*Action item*. Below are the records; extract from them the line containing "Blog Featured Image" to the line containing "A dining area", both lines included, exactly and with no pictures.

*Data extract*.
+-------+

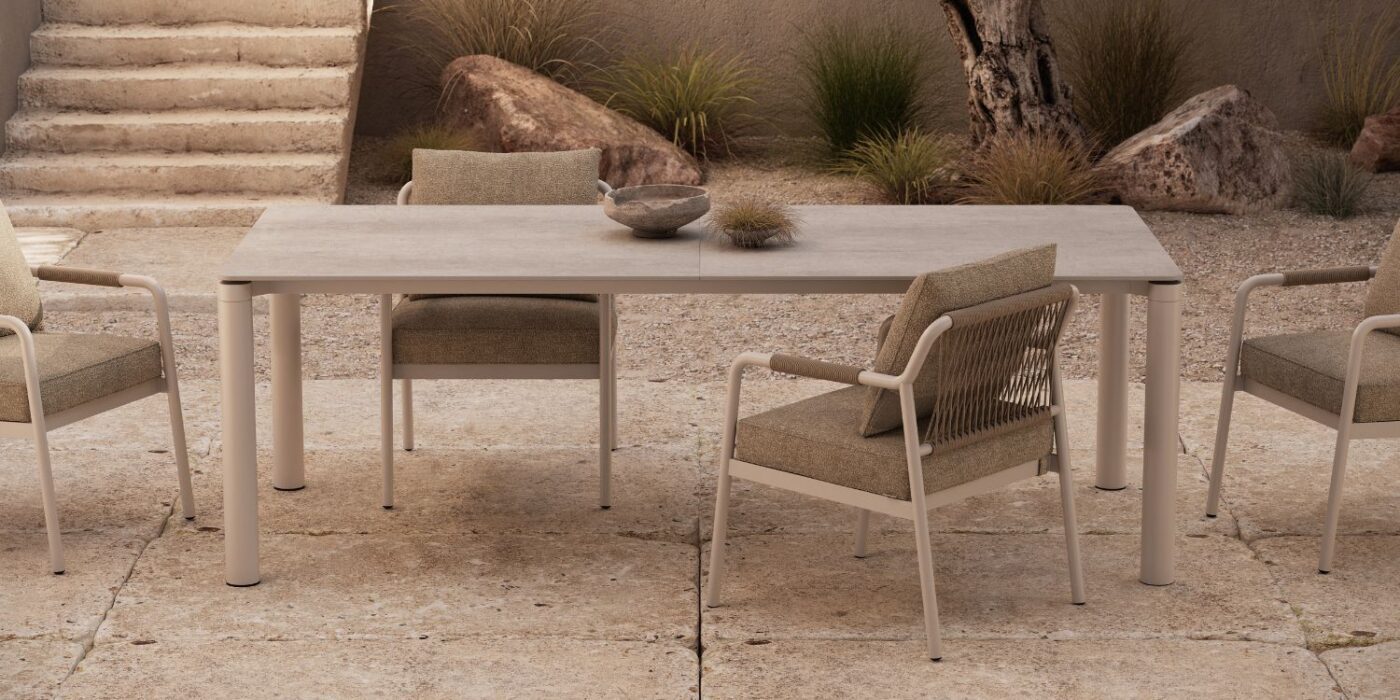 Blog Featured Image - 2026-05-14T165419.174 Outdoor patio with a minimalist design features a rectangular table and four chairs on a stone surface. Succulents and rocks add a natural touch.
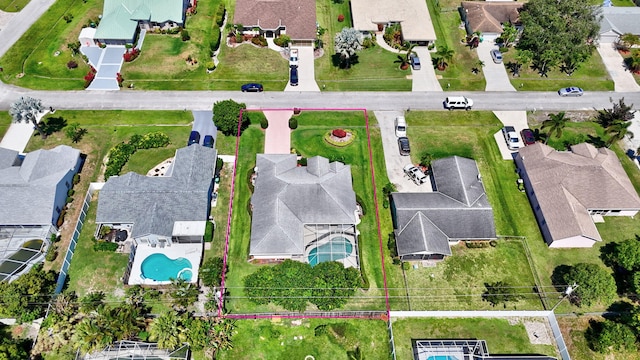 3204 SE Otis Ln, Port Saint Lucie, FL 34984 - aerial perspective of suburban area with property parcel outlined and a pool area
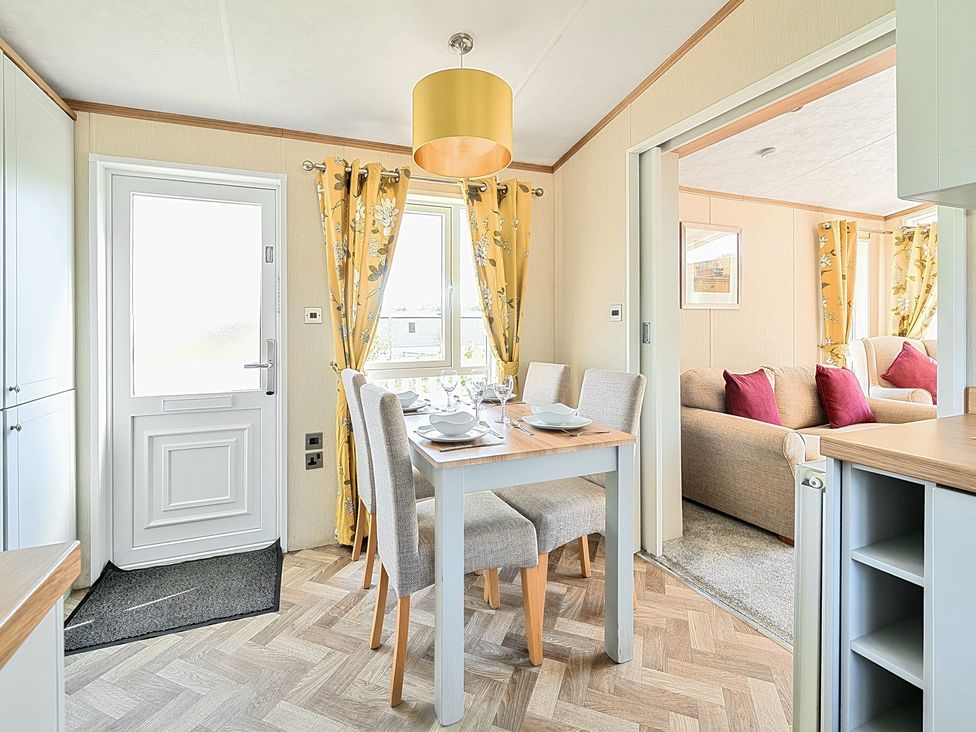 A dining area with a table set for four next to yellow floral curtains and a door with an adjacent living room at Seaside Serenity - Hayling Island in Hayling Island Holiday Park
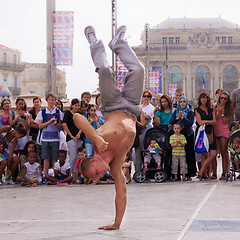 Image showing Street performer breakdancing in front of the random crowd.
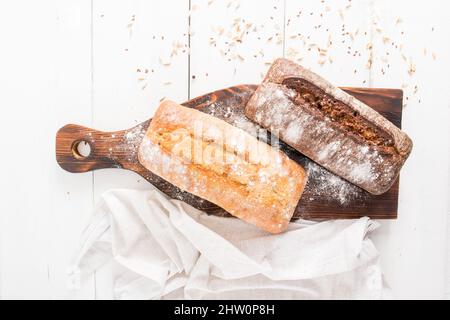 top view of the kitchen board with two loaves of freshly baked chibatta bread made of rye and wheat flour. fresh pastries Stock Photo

+-------+

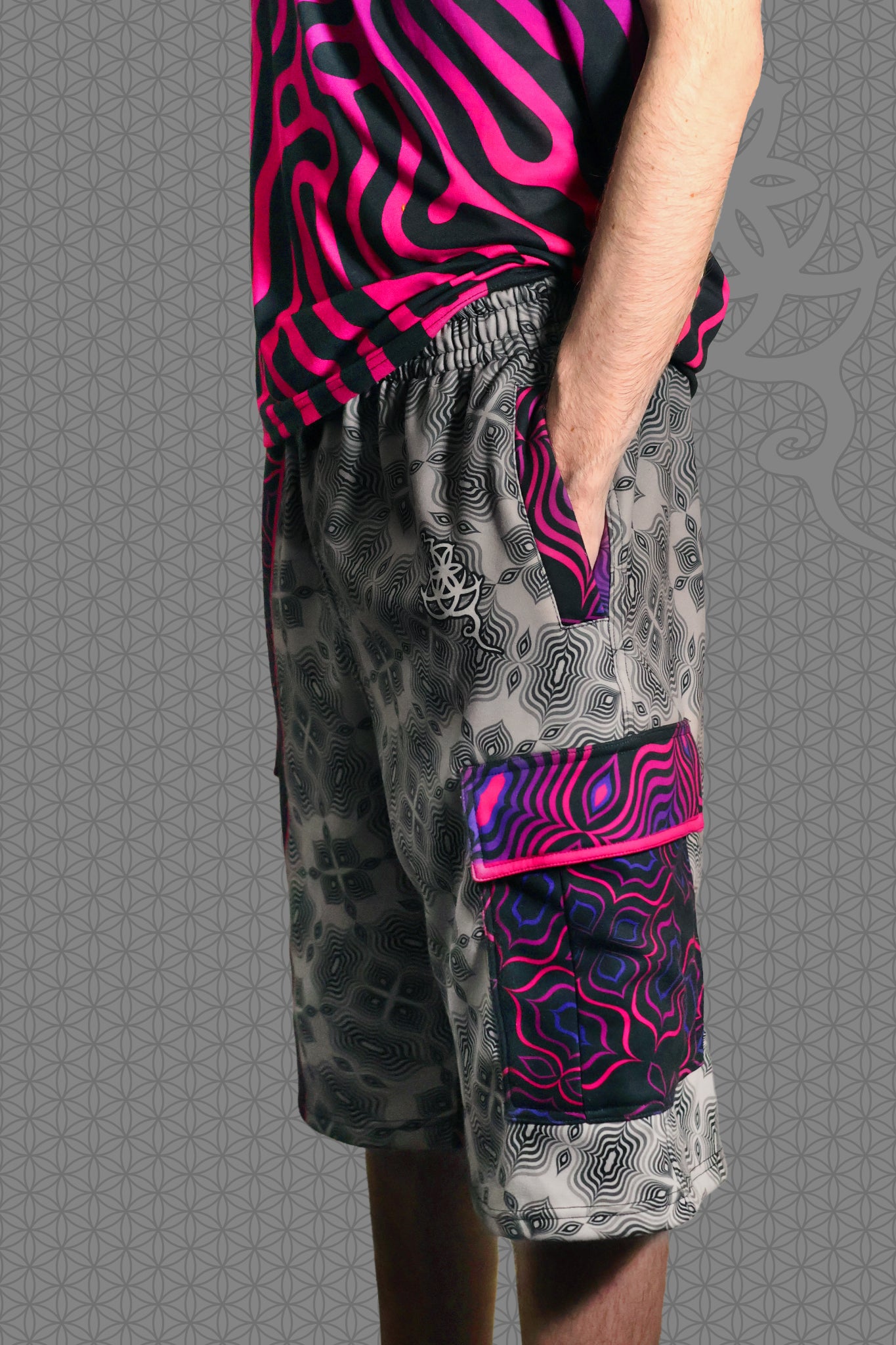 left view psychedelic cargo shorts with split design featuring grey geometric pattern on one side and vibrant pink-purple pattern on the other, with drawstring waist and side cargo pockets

+-------+

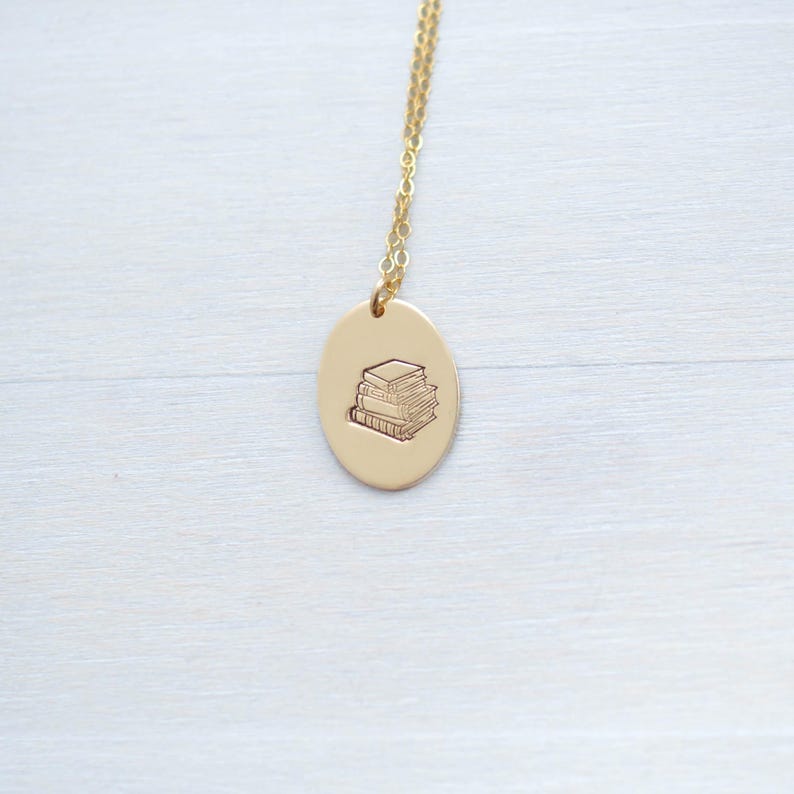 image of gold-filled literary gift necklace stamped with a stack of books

+-------+

*Reply to the exercise*.
 Blog Featured Image - 2026-05-14T165419.174 Outdoor patio with a minimalist design features a rectangular table and four chairs on a stone surface. Succulents and rocks add a natural touch.
 3204 SE Otis Ln, Port Saint Lucie, FL 34984 - aerial perspective of suburban area with property parcel outlined and a pool area
 A dining area with a table set for four next to yellow floral curtains and a door with an adjacent living room at Seaside Serenity - Hayling Island in Hayling Island Holiday Park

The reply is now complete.